Scientists have traditionally used “solar nadir,” or periods of reduced solar activity, to indicate the start of each cycle. However, according to R Robert Leamon, a research scientist at the University of Maryland-Baltimore County’s Partnership for Heliophysics and Space Environment Research (PaSER) in collaboration with NASA, the “solar nadir” framework is rather arbitrary. and inaccurate.

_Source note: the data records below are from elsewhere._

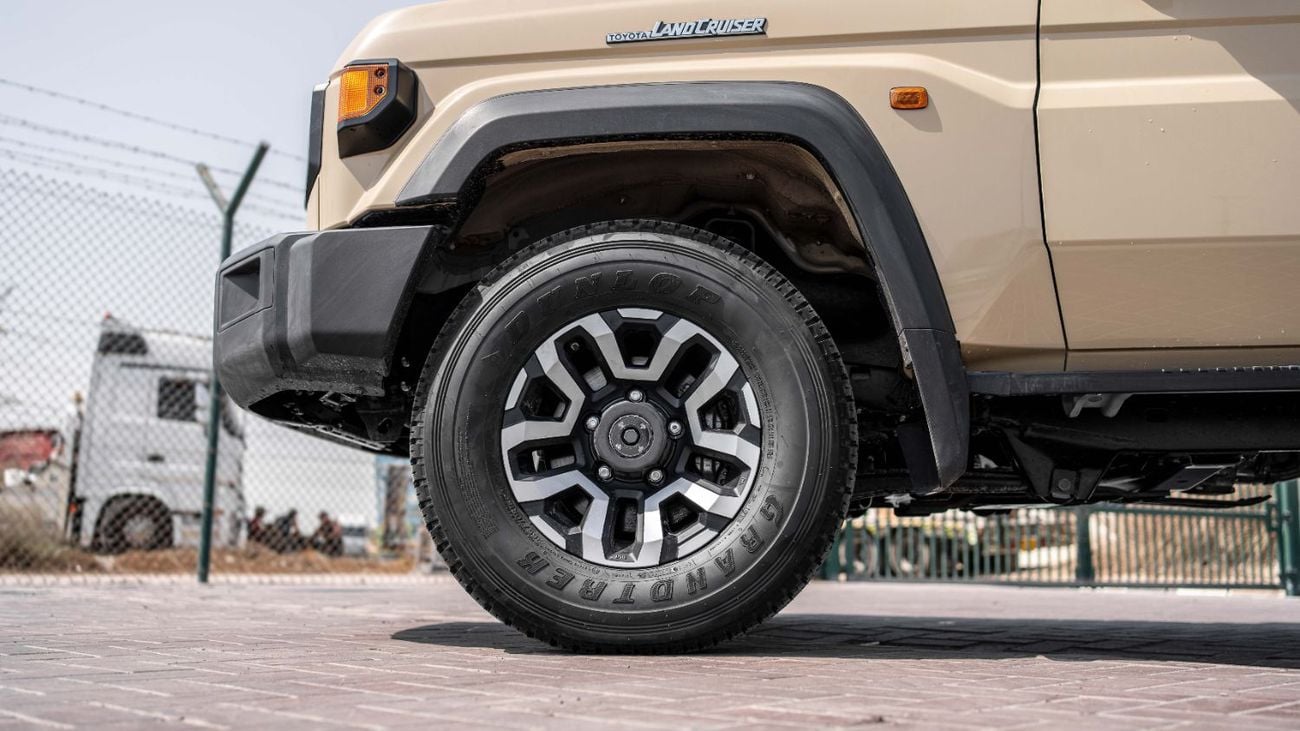 Toyota Land Cruiser 70 2025 Toyota Land Cruiser LC 76 2.8L AT Diesel (beige)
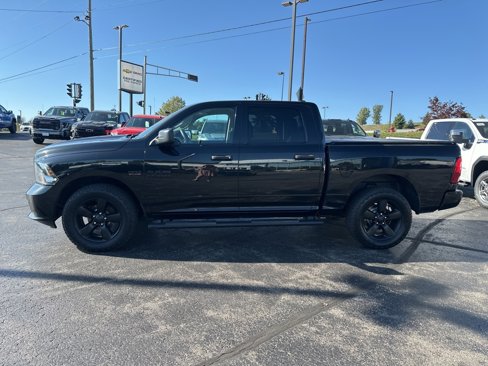 Used 2018 RAM 1500 Express w/ Black Ram 1500 Express Group image 6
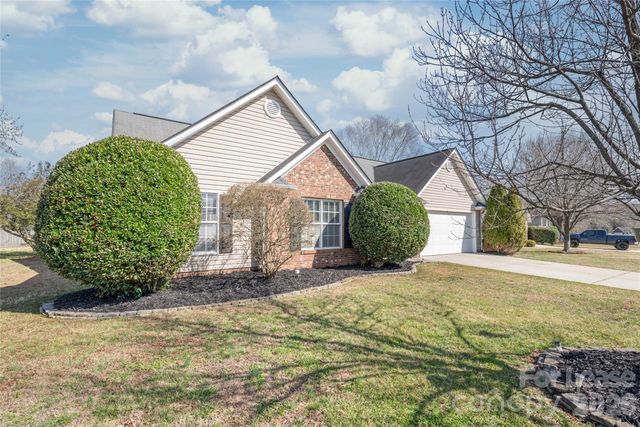 1020 Cranston Crossing Place, Indian Trail, NC 28079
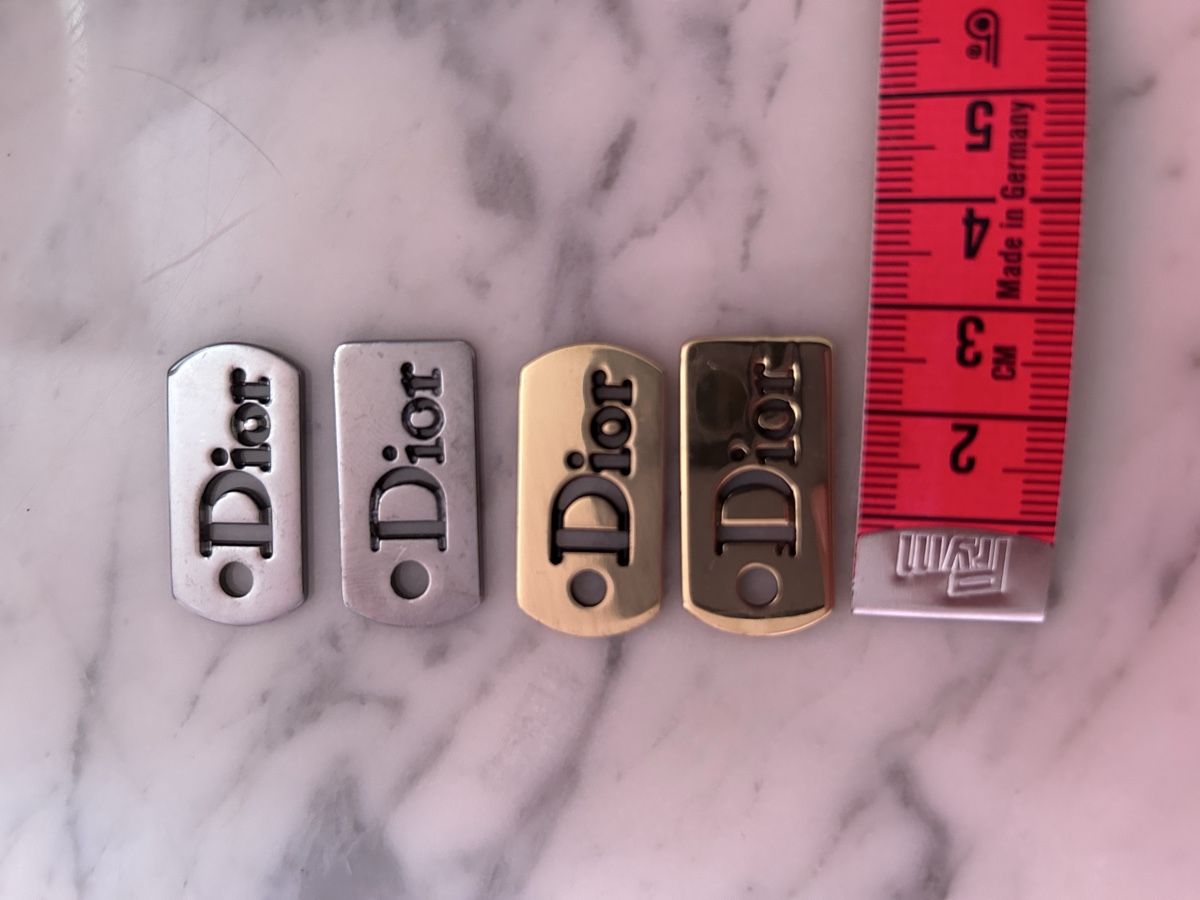 Ciondoli: Dior Charms Authentic Accessories 4pcs – Usato da Biel/Bienne venduto da zit_v5yc 1
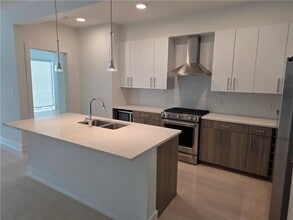 Building Photo - 775 Juniper St NE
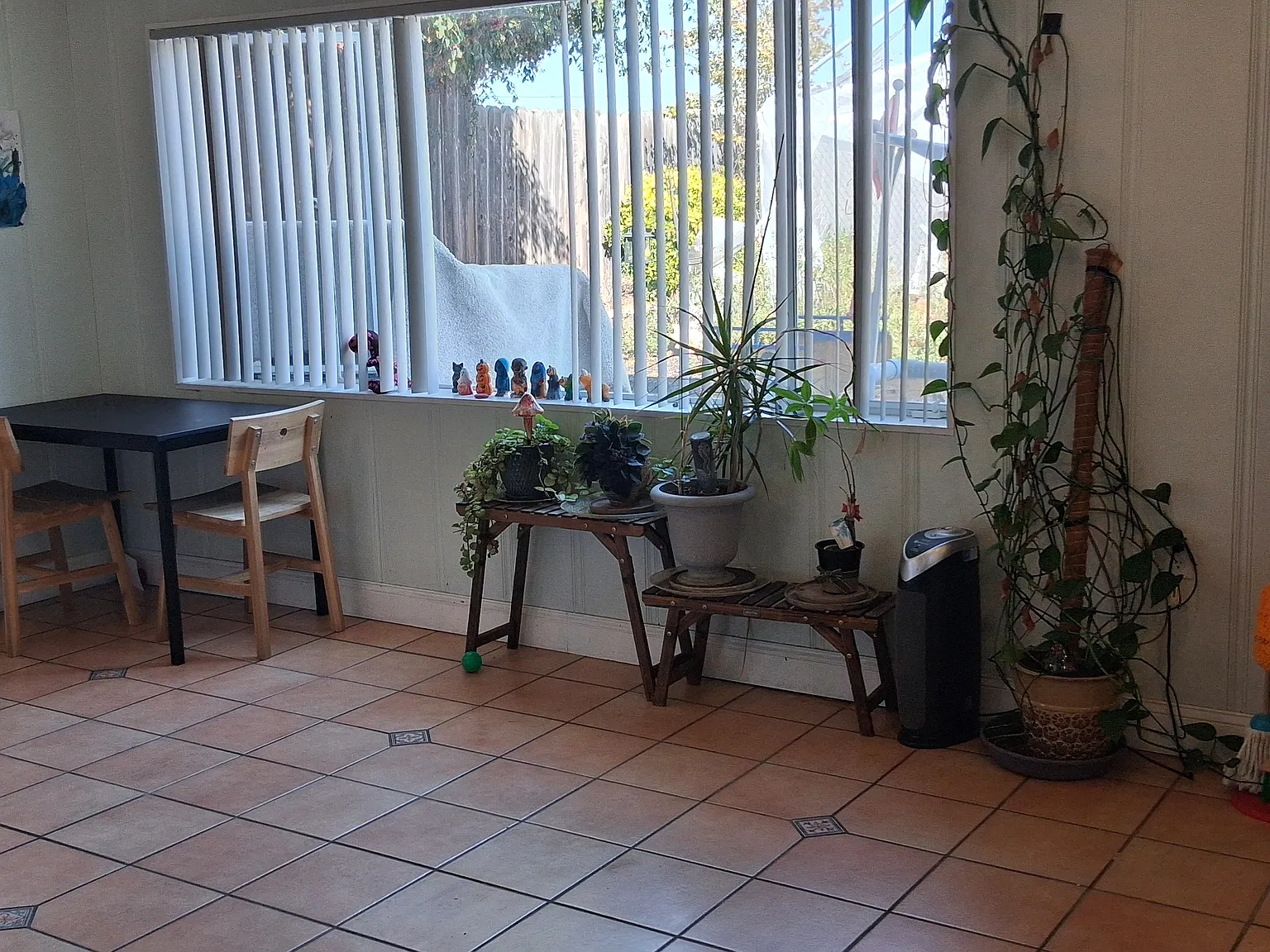 Studio, 1261 sqft, $2,100 — Photo 1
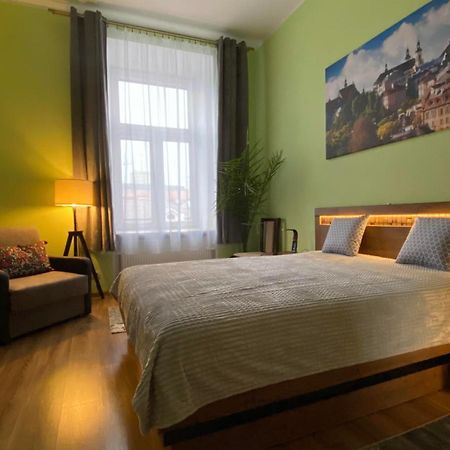 Lublinbnb - Exclusive Family Apartment ------ In The Heart Of Lublin -------------------------------- Bedroom & Living Room & Kitchen Kültér fotó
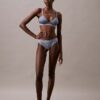 Bralette triangolare leggermente foderata in pizzo moderno Bralette triangolare leggermente foderata in pizzo moderno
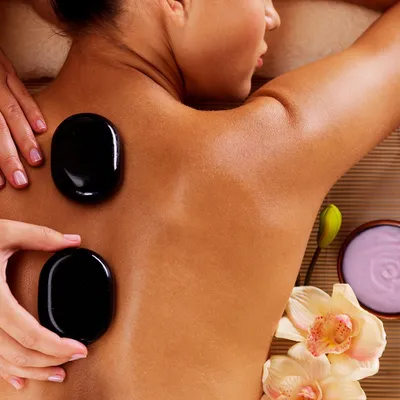 Produktbild von mydays Hot Stone Massage (Teilkörper) Friedburg; Erlebnis verschenken oder selbst erleben; Gutschein für 1 Person(en)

A recent study by Limon showed that many major changes in the solar cycle can be accurately described and predicted with a “solar clock” based on the sun’s magnetic field rather than the presence or absence of sunspots. The new method improves on classic sunspot techniques to predict surges in dangerous solar flares or shifts in weather patterns years in advance.
The new study, published in Frontiers in Astronomy and Space Science, specifically demonstrates that the solar cycle functions as an independent sequence of events. At one-fifth of a cycle, noticeable and sometimes sudden changes occur. This is true regardless of how long a particular cycle is, which can vary from a few months to a year. Limon and his colleagues pay tribute to music lovers by calling it the “circle of fifths.”
The sun’s magnetic field changes direction during each solar cycle, but there is overlap between successive cycles. The sun’s magnetic field is also called the polar magnetic field because it points either toward one of the sun’s poles or the other. The terminator marks the complete disappearance of the polar magnetic field from the previous cycle from the Sun’s surface, and a dramatic rise in solar activity will soon follow.
The new paper points to other landmarks throughout the solar cycle from terminator to terminator. These landmarks are clearer and more consistent than using sunspots as a guide for cycle length. For example, “The maximum number of sunspots does not coincide exactly with the timing of the polar reversal, but the polar reversal occurs exactly one-fifth of the period from endpoint to endpoint.
About two-fifths into a cycle, dark regions known as “polar coronal holes” re-form at the sun’s poles. Three-fifths into a cycle, the last X-flare, a very large and potentially dangerous class of solar flares, occurs. At four-fifths of the time, the sunspots are at their lowest point, before the sun passes another end point, after which solar activity quickly picks up again. Other phenomena, such as UV emission, also rank well in the fifth.